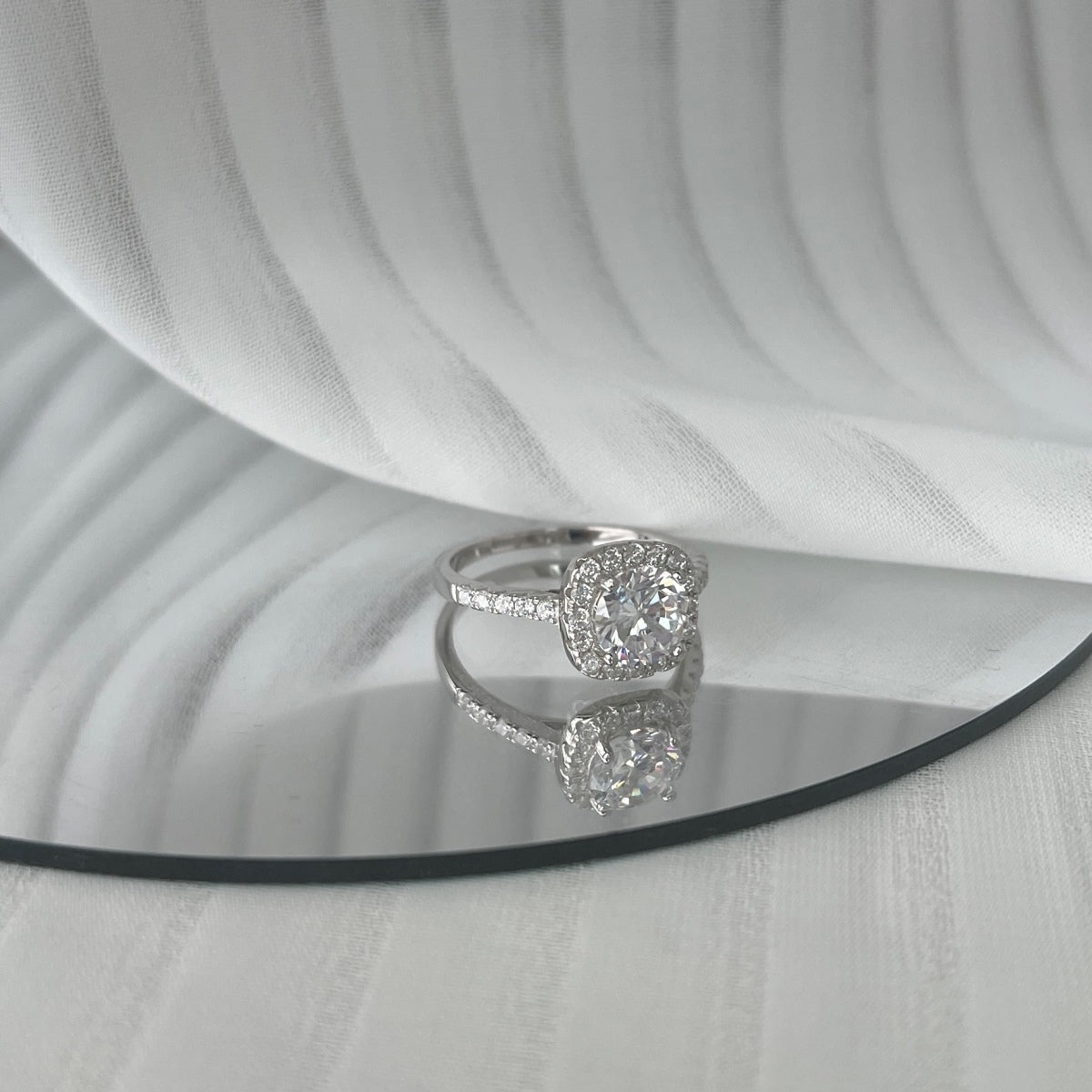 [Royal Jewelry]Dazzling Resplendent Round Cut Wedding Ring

* * *

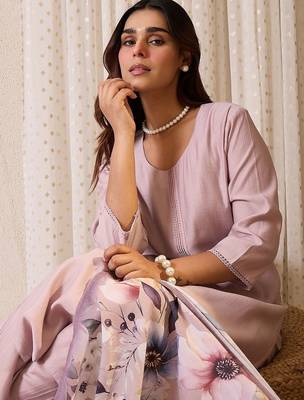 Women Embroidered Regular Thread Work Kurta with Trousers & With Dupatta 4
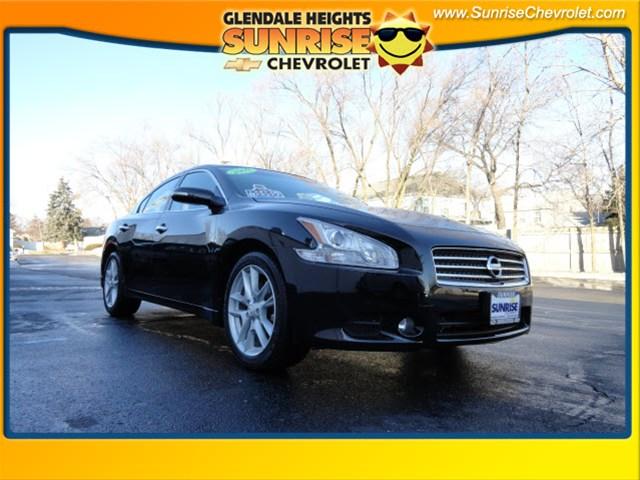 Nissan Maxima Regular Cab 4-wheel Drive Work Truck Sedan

...

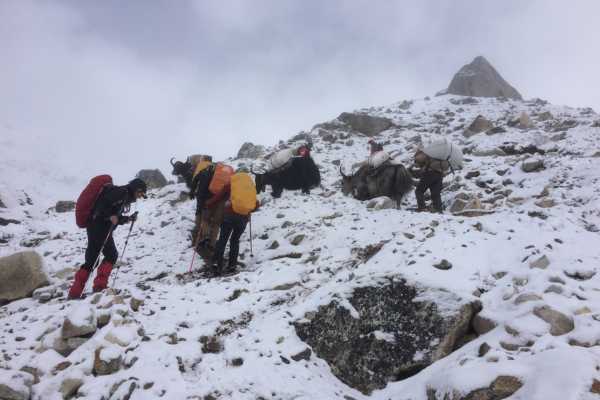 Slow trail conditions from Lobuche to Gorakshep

» What is needed
Transcribe only this stretch of the data: the line with "Women Embroidered Regular", the line with "Nissan Maxima Regular", and every line in between. Leave out the pictures.

» Answer area
 Women Embroidered Regular Thread Work Kurta with Trousers & With Dupatta 4
 Nissan Maxima Regular Cab 4-wheel Drive Work Truck Sedan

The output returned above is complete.